▶ **Data shown**:

● ● ●

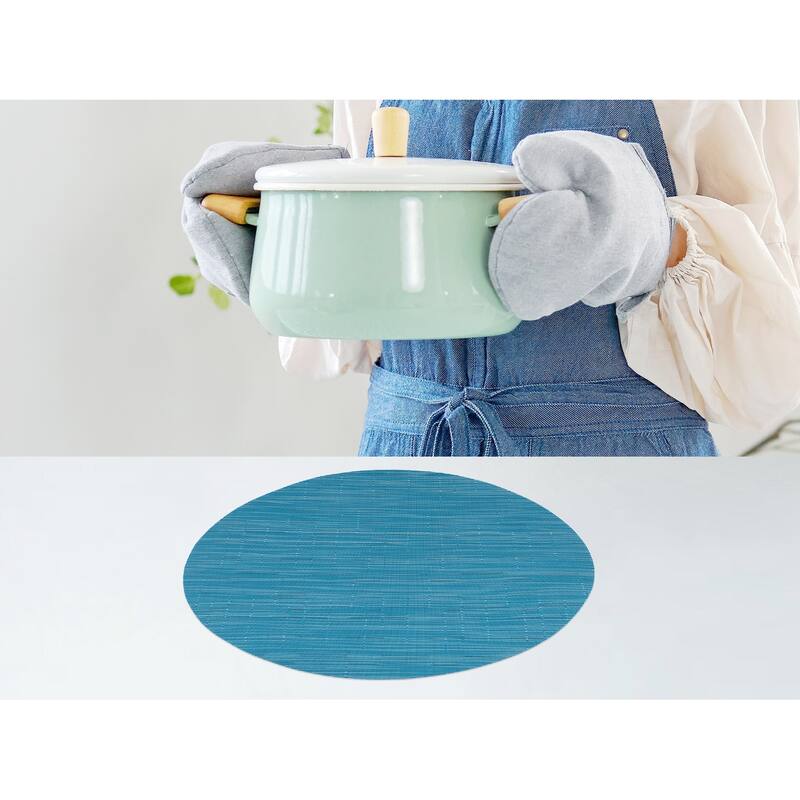 Round Placemats Set of 6 PVC Placemats for Kitchen Dining Table Decor Table Placemats Wipeable Table Mat - 14*14in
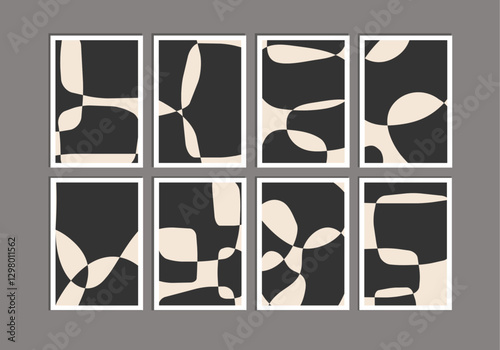 Minimal mid century wall art posters set with abstract shapes composition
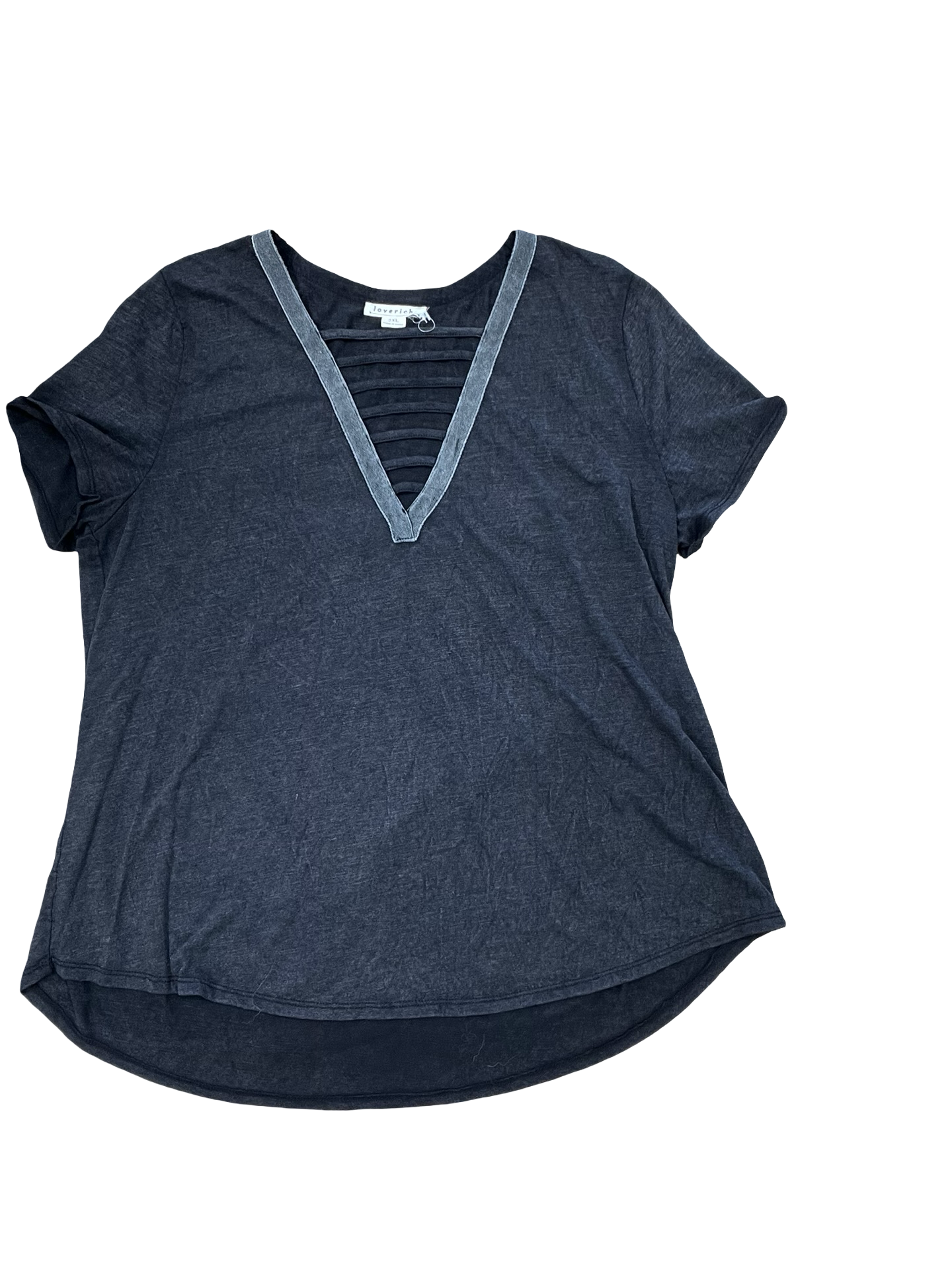 Top Ss By Loveriche In Black, Size:2X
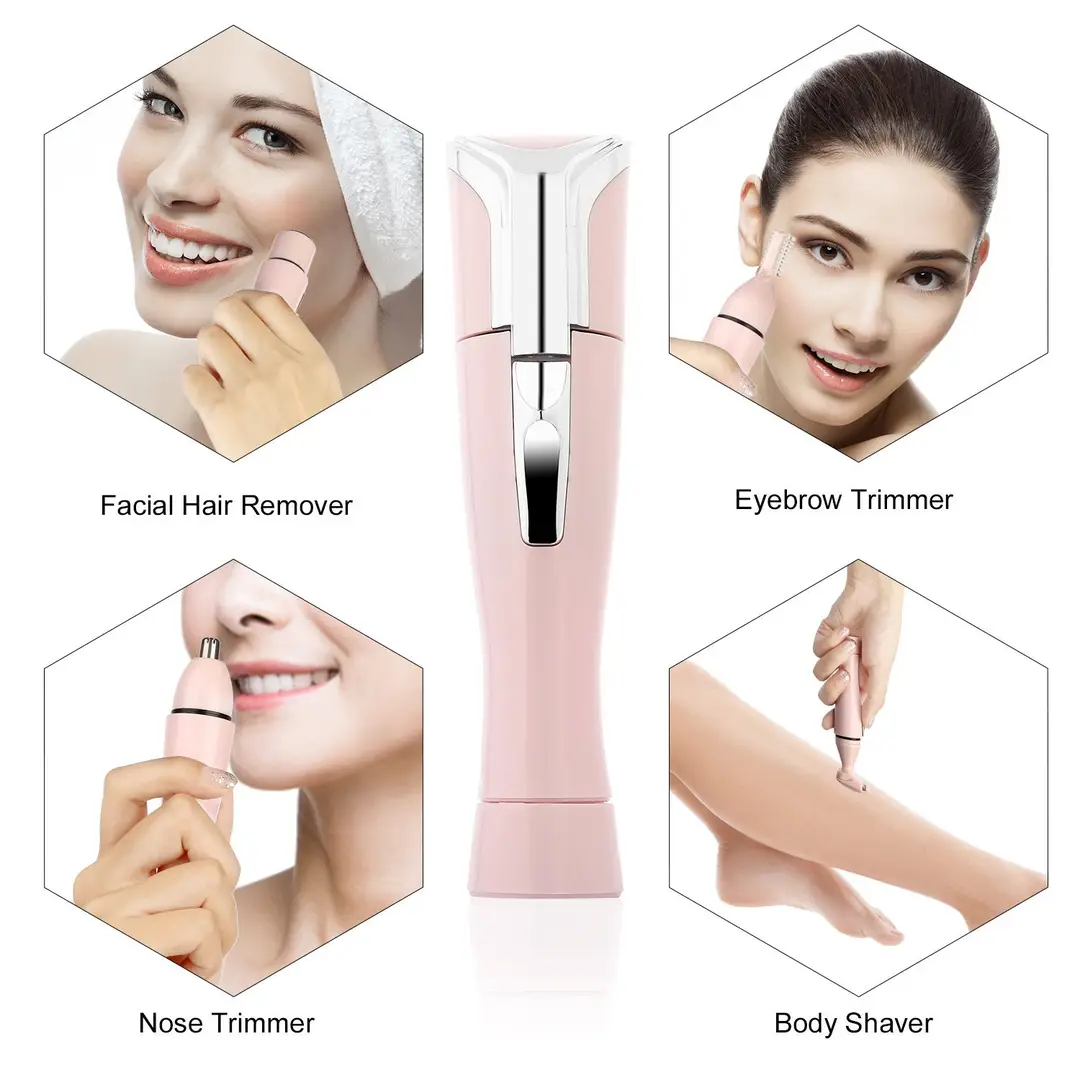 Electric women's hair shaving and hair removal device nose hair trimmer eyebrow trimmer multifunctional 4 in 1 suit shaving and hair removal device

● ● ●

Line by line, reproduce the material above exactly, leaving each picture out.

 Round Placemats Set of 6 PVC Placemats for Kitchen Dining Table Decor Table Placemats Wipeable Table Mat - 14*14in
 Minimal mid century wall art posters set with abstract shapes composition
 Top Ss By Loveriche In Black, Size:2X
 Electric women's hair shaving and hair removal device nose hair trimmer eyebrow trimmer multifunctional 4 in 1 suit shaving and hair removal device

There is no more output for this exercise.